AIM OF THE TASK: Here is the task for the records below: repeat exactly the lines from the one with "Doves with olive" to the one with "New Nike Blazer", both included, and nothing else.

RECORDS SUPPLIED:

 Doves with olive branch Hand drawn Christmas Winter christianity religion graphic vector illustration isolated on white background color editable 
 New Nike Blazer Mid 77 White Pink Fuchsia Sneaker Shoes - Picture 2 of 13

--

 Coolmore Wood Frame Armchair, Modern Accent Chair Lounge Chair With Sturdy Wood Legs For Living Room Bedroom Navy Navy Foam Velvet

---

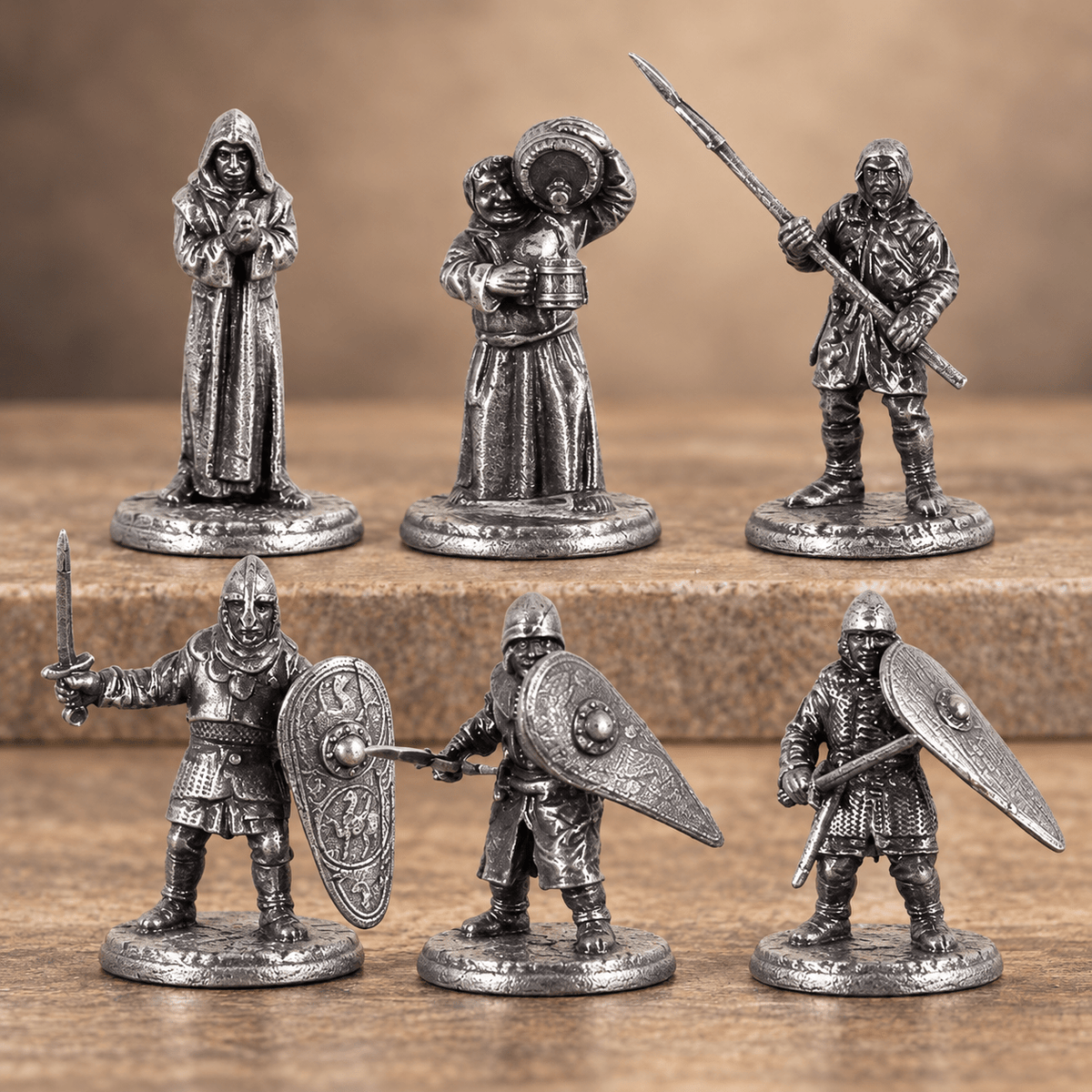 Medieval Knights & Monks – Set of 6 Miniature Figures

PROBLEM SOLUTION:
 Doves with olive branch Hand drawn Christmas Winter christianity religion graphic vector illustration isolated on white background color editable 
 New Nike Blazer Mid 77 White Pink Fuchsia Sneaker Shoes - Picture 2 of 13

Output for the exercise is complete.